JAXGoogle's numerical computing library that enables GPU/TPU acceleration and automatic vectorization (vmap) for massively parallel RL environment simulation.

Reinforcement Learning (RL) EnvironmentThe simulated world an RL agent interacts with. Slow environments are a major bottleneck in RL research.

VectorizationRunning many environment instances simultaneously (in parallel) rather than sequentially — key to fast RL training.

Functional EquivalenceTwo implementations are functionally equivalent if they produce the same outputs for all inputs, even if implemented differently.

Related Resources

Original Abstract (Expand)

Translating complex reinforcement learning (RL) environments into high-performance implementations has traditionally required months of specialized engineering. We present a reusable recipe - a generic prompt template, hierarchical verification, and iterative agent-assisted repair - that produces semantically equivalent high-performance environments for <$10 in compute cost.

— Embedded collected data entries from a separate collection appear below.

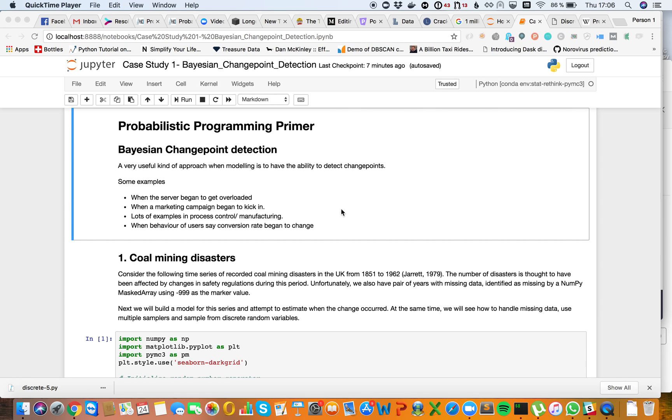Hi, I'm Panner Coyle. I'm a core developer of PyMC3 and this is Probabilistic Programming Primer.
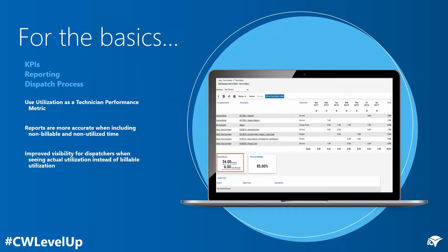For the basics, we're going to help with KPIs as you can now start to use utilization as a technician performance metric in Manage. This ties directly into reporting, as you are now going to be able to leverage reports that can determine the difference between billable and non-billable as well as utilized and non-utilized time. Additionally, this will help your dispatch process as you'll have improved visibility for dispatchers when they're able to see actual utilization instead of just a billable utilization.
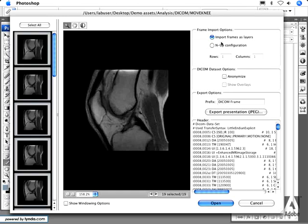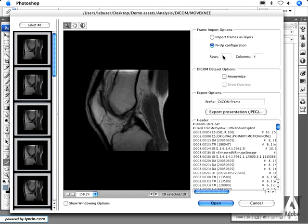There are other options for how to bring these frames into Photoshop as well. For example, one option is to import the frames as individual layers in Photoshop, so each frame would become one Photoshop layer. The second option is to import them in an NUP configuration — if you have 19 images and want to create one layer with a tile of images, you can specify five rows and four columns.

We demonstrate three distinct workflows across five environments. Direct translation (no prior performance implementation exists): EmuRust (1.5x PPO speedup via Rust parallelism for a Game Boy emulator) and PokeJAX, the first GPU-parallel Pokemon battle simulator (500M SPS random action, 15.2M SPS PPO; 22,320x over the TypeScript reference). Translation verified against existing performance implementations: throughput parity with MJX (1.04x) and 5x over Brax at matched GPU batch sizes (HalfCheetah JAX); 42x PPO (Puffer Pong). New environment creation: TCGJax, the first deployable JAX Pokemon TCG engine (717K SPS random action, 153K SPS PPO; 6.6x over the Python reference), synthesized from a web-extracted specification. At 200M parameters, the environment overhead drops below 4% of training time. Hierarchical verification (property, interaction, and rollout tests) confirms semantic equivalence for all five environments; cross-backend policy transfer confirms zero sim-to-sim gap for all five environments. TCGJax, synthesized from a private reference absent from public repositories, serves as a contamination control for agent pretraining data concerns. The paper contains sufficient detail - including representative prompts, verification methodology, and complete results - that a coding agent could reproduce the translations directly from the manuscript.